注2:海溝からその陸側に傾斜する面で接する2つのプレートの動きによって生ずると考えられる逆断層型の地震のこと.
注3:ODPはOcean Drilling Programの略,ODP運営計画管理機構は英名のJoint
Oceanographic Institutions Incorporated.
問い合わせ先:海洋科学技術センター
深海研究部 三ケ田、末廣 TEL:
0468-67-3983
普及・広報課 他谷、野口 TEL:
0468-67-3806
1. 今回の作業及び調査にあたって
当センターでは、海溝域で発生する地震の研究のため、これまで日本海溝周辺での地震反射法や爆破地震動を利用した構造探査を他機関とも共同して行って来ました。
日本海溝では,太平洋プレートが年間9-10cmの速度で日本の下に沈み込み、この運動が三陸はるか沖などの大地震の原因と考えられています。しかし、こうした大地震だけではプレートの沈み込みによる歪の蓄積を約1/3しか解消できません。約2/3のエネルギーは、地震以外の現象で消費されていることになります。こうした現象は、地震計では捕えられないゆっくりとしたプレートの滑りなどであろうと思われています。三陸沖で度々発生する地震と太平洋プレートの動きとの関係を明らかにするため、本年7月及び8月に広帯域地震計・傾斜計・体積歪計を深海底の掘削孔内に設置しました。今回、これらの機器の設置状況把握及び動作開始のための作業及び調査を行います(図1)。
2. 観測開始までの経緯
海溝で生じる地震の研究には、詳細な地下構造を推定する研究と長期にわたる地震及び地殻変動観測による地震活動度と地殻応力の分布及び時間変化に関する研究が必要です。後者の長期観測は、深海底にある海溝付近で行うための観測機器の問題、そして深海底に厚く堆積している未固結堆積層の影響を取り除くための設置場所の問題により長い間課題とされてきました。観測機器に関して、海洋科学技術センター、東京大学海洋研究所、米国カーネギー研究所の協力で深海底の掘削孔で使用するための体積歪計が製作されました。
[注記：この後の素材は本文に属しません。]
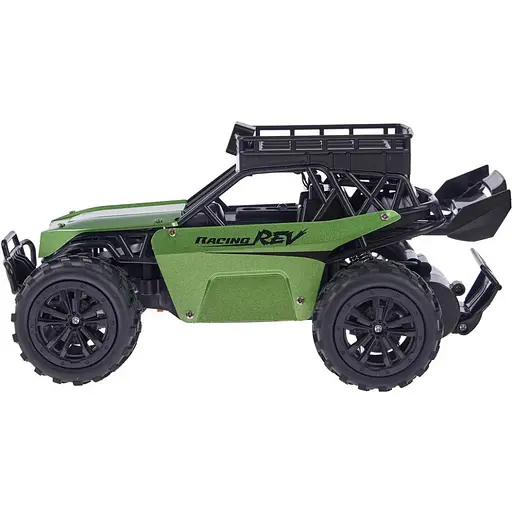 Машинка на радіокеруванні FPV Racing ZIPP Toys C013 green, з камерою, зелений - фото 4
設置に関して、ODP運営計画管理機構、東京大学海洋研究所、東京大学地震研究所の協力で日本海溝に近い海底での1kmを超える掘削及びその孔内への機器設置が行われました。観測開始に着手するためには、電源の投入及び設置された機器の動作確認という作業・調査を残すのみとなります。今回、この作業・調査を行います。
3. 観測概要
三陸はるか沖では、地震活動度の高い領域と地震活動度の低い領域が北緯39度付近で隣り合せにあり(図2)、この2つの領域の地震活動度の差異を調査することが、日本海溝におけるプレート沈み込みと地震発生の関係を明らかにすることにつながります。体積歪計は10のマイナス11乗(1万klの大きさの中の1ccの変化:地球潮汐は10のマイナス7乗程度)、傾斜計は10ナノラジアン(100km先の1mmの高さ)、地震計は広帯域(直流成分-数10Hz)加速度計で感度10のマイナス9乗m/sec/sec(重力の100億分の1の大きさ)と、各々超高感度を持ち、海溝付近に発生する小さな地震による地震動・地殻応力変化を捕えることが期待されています。深海底の掘削孔内での地震観測は、1981年ハワイ大学の短周期地震計による4ケ月、1998年スクリプス研究所による高感度広帯域地震計で3ケ月という記録がありますが、歪計や体積歪計による観測は世界で初めて行うことになります。
4. 期待される成果
今回設置された機器は、地震活動度の高い領域と地震活動度の低い領域双方であることから、近接したこの両地点のデータを比較することにより、下記の成果が期待されます。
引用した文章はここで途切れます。